総務大臣賞(住宅防火部門)
住宅防火啓発用視聴覚教材の制作と実用化
ナガサキ防火研究会(長崎県長崎市)
事例の概要
■経緯
住宅防火を推進するためには、第一に住民自身の防火に対する意識を変える必要がある。そのためには、まず火災の実態を知ってもらわなければならない。そこで火災の原因を「見える化」すれば、幼児からお年寄りまで幅広い年齢層に防火意識を浸透させることができると考え、有志が集まって住宅防火の見える化をテーマに活動をはじめた。その後、長崎市自主研究グループとして市の助成を受け、消防職員と民間人で構成するナガサキ防火研究会を発足、休日を活用して活動している。
■内容
- 1. 地元で実際に起きた火災事例を元に手作りの再現マンガ12編を制作した。松園財団の地域振興助成金でマンガ冊子1000部を印刷、市内銀行、郵便局などの金融機関窓口、図書館、市内全小学校、婦人防火クラブ員に配布した。

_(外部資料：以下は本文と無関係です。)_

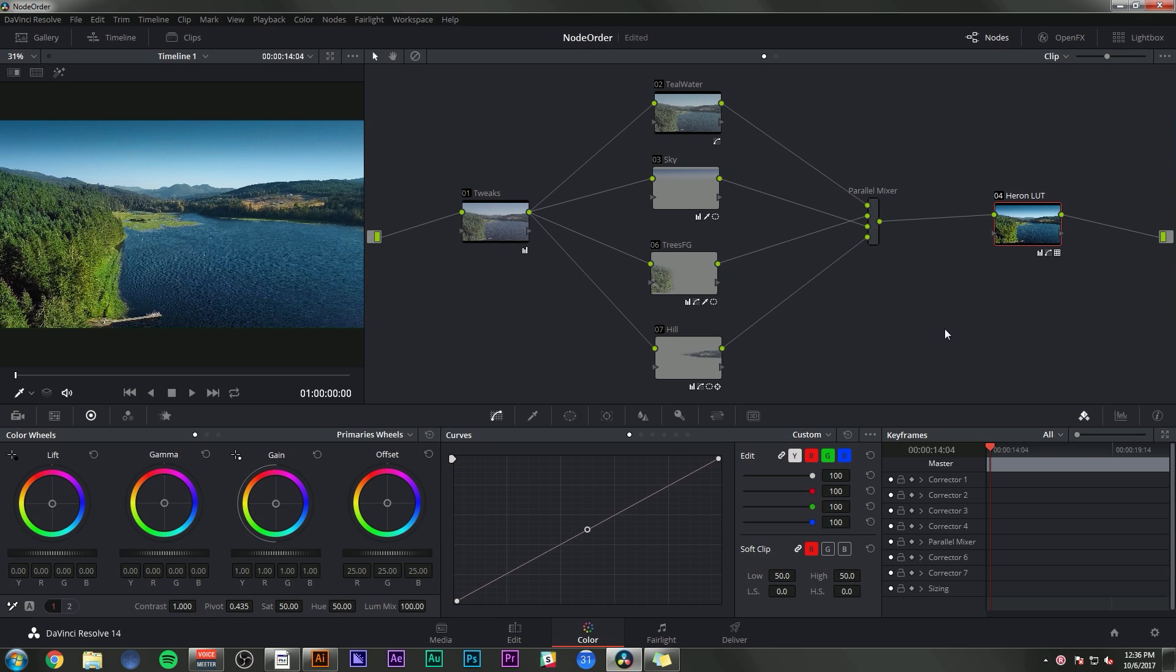Hey guys, Casey Ferris. Thanks for checking out another video of mine here on YouTube. Today we're talking about nodes.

- 2. 再現が難しいとされている電気火災の一つ、トラッキング現象を数十秒で発生させる手法を考案し、松園財団の地域振興助成金を受け、電気火災実験装置を製作した。
- 3. これらのマンガや火災原因別再現実験を小学校、高校、自治会、老人施設で展示を行い、その効果を検証し、修正、改善を行った。

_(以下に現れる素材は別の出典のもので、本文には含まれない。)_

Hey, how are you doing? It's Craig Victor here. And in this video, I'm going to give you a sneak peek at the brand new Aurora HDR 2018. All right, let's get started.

- 4. マンガをパソコンに取り込んでデジタル化し、動きと効果音を加えた。また再現実験を映像化し、視聴覚素材として加工するとともに、自作のクイズやゲームなどのコンテンツを添えてこれらの素材を誰でも視聴できるようにホームページを開設した。
- 5. マンガや実験映像などの視聴覚素材をタッチパネル・パソコンに搭載、市役所ロビー、市民会館、小学校、科学館に設置して、誰でもどこでも自由に視聴し防火の知識を楽しみながら学ぶことができるようにした。特に小学生に好評を得ている。
防災体験教室
電気火災の再現
市役所のタッチパネル
研究会のホームページ
苦労した点
- 1. 実際の火災で消火活動や原因調査に従事した消防職員が、自らの手で書いた再現マンガ は、一般市民にとってインパクトがあり、防火思想の啓発に効果が期待される。
- 2. 再現実験については火災調査の経験豊かな消防職員の手作りで、火災の実態に沿った再現方法を用いている。したがって、文字や言葉で取り入れた知識とは違い、五感を使った実験が実生活の場面とリンクすることで、住宅防火に効果をあげることが期待できる。
- 3. これらの視聴覚素材とクイズをタッチパネル・パソコンに搭載し、公共施設に常置することで、大人も子どもも楽しみながら、自然な形で防火への認識を深めることができる。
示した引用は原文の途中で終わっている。